Thought leadership

This is the message from Peter Cheese, CIPD CEO, speaking ahead of his opening address to the Institute’s Annual Conference and Exhibition in Manchester

The conference is themed around the four elements of this model for the future of HR:

Insight on the changing context: Understanding business change, changes in the nature of work, the workforce, and the workplace, and other external factors and how these are impacting organisations and people strategy.

The science of human behaviour: Understanding the developments in neuroscience, behavioural science, positive psychology, systems thinking, and other disciplines which are providing us with deeper insights on people and group behaviours – the key underpinnings of HR.

Business, commercial insight and analytics: Exploring the latest thinking that will help professionals maximise the capabilities of their HR and learning and development (L&D) functions.

HR essentials and learning processes: Reviewing HR operating models and capabilities, and developing evidence-based HR strategies to provide better business value.

The event will see new CIPD research launched, particularly focused on the learnings for HR from the science of human behaviour and insight on the changing context, including:

Our Minds at Work: Developing the behavioural science of HR – examining how the science exploring how the brain works and what influences human behaviour has accelerated much faster over the last decade than the way organisations manage, motivate and develop their people.

Neuroscience in action: Applying insight to L&D practice – exploring how several high profile organisations are adopting ‘brain friendly’ approaches to L&D in the workplace to enhance learner engagement, improve customer service and reduce staff turnover and training costs.

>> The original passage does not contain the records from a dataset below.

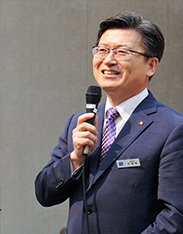 lee
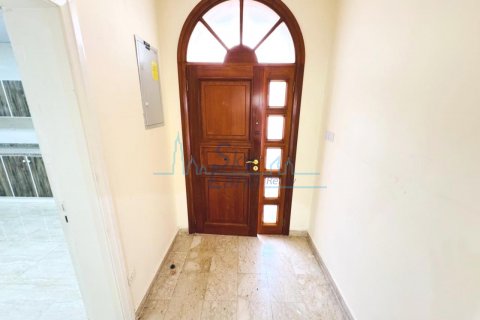 Villa in affitto a Umm Suqeim, Dubai, EAU 4 camere da letto, 325.2 mq. № 632134 - foto 9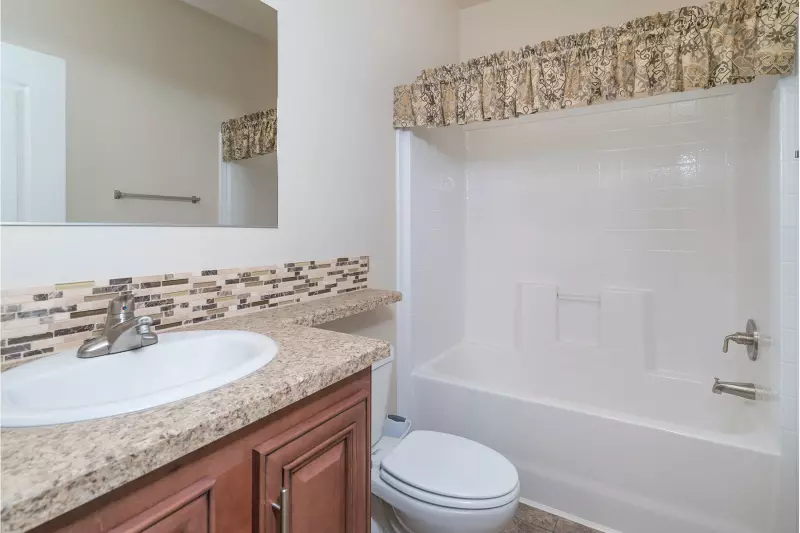 American freedom 2860e bathroom home features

The report also offers practical advice on how to implement effective neuroscience techniques with minimal investment.

HR: Getting smart about agile working – considering how the HR function can develop and support the traits of an ‘agile’ business – including rapid decision-making and execution, a high-performance culture, flexibility of management practices and resources and organisational structures that support collaboration – while also adapting to the rapidly changing needs and expectations employees have from their working lives.

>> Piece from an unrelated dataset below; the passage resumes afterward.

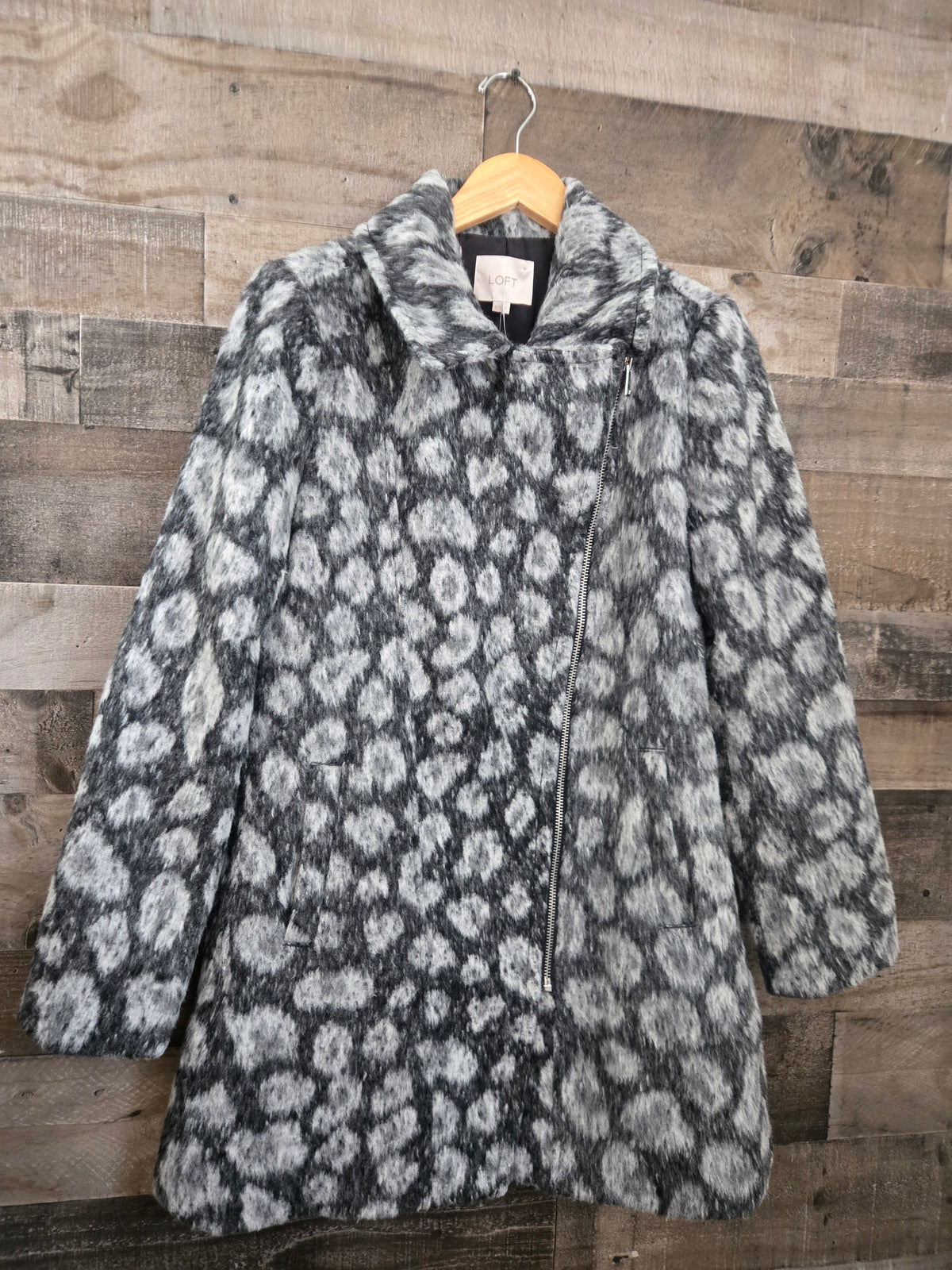 Ann Taylor LOFT Gray & Black Animal Print Coat – Size Small – New With Tags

Peter Cheese said: “We have our sights set on shaping a profession for the future.  We’re unveiling new research at the event which delivers fresh insights into the changing context for HR and learning and development professionals, and into the ways the science of human behaviour can contribute to better work and working lives.  This builds on work we’ve already completed to further inform the Future of HR Framework we unveiled at last year’s conference.  For example our focus on the development of the analytics organisations need to understand and derive insight from their people data, and our frequent engagements with the big debates in public policy – on everything from the UK’s skills and productivity performance, and our concerted campaign, harnessing voluntary action by our members, to boost youth employment, to the positive case for the use of well-managed zero hours contracts benefitting employees and employers alike.

“Looking to the year ahead, we’ll be focused on engaging with the growing international interest we’re seeing in developing stronger connections and collaborations with us.  Attracting, developing and engaging talent is an increasingly global challenge, and we see a rapidly growing interest in developing stronger HR capabilities at a national and an organisational level.  We’re also actively engaged with national and international thinking on how enhanced standards can contribute to strengthening good practices and principles of people management.

“Our research and collaborative agendas collectively contribute to our broader thinking on the need to build a profession for the future.  These are exciting times for HR and learning and development.  The challenges organisations and their leaders face are people challenges.  This is our time – but to seize the opportunities and unlock the potential of people, we need to invest more in building for the future, as individuals and collectively as a profession.”